If d(x) is the number of positive divisors of x, and n(x) is the number of distinct prime factors of x, show that d(A)=Σ(2^n(A/i²)) for all positive i such that A/i² is an integer.

It suffices to show that both sides agree when A is a prime power, and that both sides are multiplicative.

If A=p^a, then d(A)=a+1.  The divisors i on the RHS are all of the form p^b, where b <= a/2.  So the RHS is

\sum_{0<=b<a/2} 2^1 + [2^0 if a is even] = a+1.

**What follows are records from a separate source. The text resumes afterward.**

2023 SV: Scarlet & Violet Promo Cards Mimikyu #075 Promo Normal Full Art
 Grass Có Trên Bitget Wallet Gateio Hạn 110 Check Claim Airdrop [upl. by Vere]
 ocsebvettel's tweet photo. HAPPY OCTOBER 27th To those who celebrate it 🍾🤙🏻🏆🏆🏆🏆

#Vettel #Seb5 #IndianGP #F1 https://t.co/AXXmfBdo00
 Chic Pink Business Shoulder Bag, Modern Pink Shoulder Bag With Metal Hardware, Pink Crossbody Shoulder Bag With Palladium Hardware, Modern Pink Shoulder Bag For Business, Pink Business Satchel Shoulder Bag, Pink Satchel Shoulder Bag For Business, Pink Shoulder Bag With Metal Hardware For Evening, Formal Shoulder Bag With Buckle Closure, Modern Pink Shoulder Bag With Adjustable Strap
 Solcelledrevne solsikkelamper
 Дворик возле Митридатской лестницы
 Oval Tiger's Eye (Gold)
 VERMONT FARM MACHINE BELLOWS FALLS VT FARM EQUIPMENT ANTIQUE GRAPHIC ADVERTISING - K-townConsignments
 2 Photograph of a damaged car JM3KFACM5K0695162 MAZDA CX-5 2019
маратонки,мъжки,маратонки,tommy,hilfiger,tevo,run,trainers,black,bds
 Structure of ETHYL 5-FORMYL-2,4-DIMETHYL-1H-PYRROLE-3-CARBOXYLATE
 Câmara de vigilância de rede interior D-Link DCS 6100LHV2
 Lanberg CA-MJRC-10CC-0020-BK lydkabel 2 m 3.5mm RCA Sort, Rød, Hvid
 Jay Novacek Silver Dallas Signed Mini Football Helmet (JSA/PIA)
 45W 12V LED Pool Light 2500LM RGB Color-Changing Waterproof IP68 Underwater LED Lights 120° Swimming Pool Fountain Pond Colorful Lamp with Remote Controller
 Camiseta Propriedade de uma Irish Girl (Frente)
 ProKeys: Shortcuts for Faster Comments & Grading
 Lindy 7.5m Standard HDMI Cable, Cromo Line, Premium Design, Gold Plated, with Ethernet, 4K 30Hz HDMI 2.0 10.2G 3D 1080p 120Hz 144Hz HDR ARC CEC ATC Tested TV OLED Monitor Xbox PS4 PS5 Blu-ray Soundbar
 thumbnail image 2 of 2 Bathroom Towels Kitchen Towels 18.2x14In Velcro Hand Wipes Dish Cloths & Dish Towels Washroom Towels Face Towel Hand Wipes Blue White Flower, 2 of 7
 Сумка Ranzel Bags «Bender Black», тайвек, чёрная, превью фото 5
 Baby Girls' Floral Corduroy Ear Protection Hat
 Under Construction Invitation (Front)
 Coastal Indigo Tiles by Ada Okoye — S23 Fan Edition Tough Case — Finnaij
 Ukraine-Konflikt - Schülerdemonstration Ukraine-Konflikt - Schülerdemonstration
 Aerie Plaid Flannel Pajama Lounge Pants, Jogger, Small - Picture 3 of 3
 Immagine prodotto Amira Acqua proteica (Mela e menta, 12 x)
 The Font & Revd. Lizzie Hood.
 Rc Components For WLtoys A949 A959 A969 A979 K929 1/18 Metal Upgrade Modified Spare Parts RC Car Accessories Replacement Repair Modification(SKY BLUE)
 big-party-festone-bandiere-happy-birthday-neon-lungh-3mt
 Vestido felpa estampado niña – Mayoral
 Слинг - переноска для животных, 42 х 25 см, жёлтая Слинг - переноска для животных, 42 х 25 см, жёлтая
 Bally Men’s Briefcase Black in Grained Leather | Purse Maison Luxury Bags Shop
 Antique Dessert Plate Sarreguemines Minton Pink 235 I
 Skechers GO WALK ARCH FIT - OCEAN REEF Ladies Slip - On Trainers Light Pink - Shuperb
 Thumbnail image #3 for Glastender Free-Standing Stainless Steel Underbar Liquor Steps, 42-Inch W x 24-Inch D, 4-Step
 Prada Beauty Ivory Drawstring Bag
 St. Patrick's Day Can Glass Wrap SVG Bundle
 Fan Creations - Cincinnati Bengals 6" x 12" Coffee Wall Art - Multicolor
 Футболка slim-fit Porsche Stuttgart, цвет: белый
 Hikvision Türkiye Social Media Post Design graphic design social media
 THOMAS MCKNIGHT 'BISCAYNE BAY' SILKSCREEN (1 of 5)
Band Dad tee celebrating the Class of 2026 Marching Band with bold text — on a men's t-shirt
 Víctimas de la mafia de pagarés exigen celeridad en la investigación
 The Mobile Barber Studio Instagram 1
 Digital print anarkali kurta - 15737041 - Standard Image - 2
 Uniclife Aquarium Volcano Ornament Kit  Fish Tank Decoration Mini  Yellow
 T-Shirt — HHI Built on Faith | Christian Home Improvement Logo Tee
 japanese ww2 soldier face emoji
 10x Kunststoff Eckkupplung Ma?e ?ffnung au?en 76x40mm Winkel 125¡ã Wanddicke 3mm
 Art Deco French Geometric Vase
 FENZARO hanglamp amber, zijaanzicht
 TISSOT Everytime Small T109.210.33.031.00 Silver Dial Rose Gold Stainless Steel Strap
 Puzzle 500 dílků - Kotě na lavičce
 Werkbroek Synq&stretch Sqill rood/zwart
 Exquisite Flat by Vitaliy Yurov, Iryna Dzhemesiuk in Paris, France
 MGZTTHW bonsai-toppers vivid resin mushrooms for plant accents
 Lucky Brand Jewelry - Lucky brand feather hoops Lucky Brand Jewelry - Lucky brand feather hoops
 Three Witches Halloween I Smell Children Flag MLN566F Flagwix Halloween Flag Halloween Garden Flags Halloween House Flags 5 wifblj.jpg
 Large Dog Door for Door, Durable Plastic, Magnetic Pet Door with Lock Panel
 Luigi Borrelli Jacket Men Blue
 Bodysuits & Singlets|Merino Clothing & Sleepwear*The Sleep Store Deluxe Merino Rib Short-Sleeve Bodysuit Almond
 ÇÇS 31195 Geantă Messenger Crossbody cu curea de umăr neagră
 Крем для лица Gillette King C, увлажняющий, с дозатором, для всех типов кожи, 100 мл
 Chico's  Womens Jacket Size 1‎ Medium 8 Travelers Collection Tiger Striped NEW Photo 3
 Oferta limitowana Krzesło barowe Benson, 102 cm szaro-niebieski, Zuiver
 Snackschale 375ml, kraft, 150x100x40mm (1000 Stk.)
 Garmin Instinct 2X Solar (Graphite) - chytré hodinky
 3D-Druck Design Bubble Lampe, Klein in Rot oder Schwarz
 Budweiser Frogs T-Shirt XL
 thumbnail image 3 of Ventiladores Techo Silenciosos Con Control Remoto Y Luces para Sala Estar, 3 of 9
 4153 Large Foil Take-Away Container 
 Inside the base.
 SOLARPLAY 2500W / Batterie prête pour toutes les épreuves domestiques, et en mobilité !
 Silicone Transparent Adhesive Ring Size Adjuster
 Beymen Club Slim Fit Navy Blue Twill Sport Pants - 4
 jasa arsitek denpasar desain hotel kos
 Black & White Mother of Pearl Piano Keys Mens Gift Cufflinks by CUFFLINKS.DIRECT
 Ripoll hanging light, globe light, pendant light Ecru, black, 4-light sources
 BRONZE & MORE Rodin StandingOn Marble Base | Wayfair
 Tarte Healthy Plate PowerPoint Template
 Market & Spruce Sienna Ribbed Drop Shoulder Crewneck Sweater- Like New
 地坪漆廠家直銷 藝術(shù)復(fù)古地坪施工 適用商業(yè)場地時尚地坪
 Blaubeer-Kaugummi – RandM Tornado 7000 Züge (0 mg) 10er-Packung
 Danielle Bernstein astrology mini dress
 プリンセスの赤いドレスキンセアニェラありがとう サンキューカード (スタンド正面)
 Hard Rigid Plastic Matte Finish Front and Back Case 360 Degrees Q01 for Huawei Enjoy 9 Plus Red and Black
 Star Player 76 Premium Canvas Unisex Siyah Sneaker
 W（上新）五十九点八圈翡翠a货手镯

Now suppose A,B are relatively prime.  Then d(AB)=d(A)d(B).  For the RHS, the divisors k^2 of AB are all of the form k=ij, where i^2 | A and j^2 | B, and n(AB/k^2) = n(A/i^2)+n(B/j^2).  Thus

\sum_{k^2 | AB} 2^n(AB/k^2) = \sum_{i^2 | A, j^2 | B} 2^n(A/i^2) * 2^n(B/j^2)
 = \sum_{i^2 | A} 2^n(A/i^2) * \sum_{j^2 | B} 2^n(B/j^2),

establishing the result.

Posted by Eigenray on 2007-08-06 09:09:20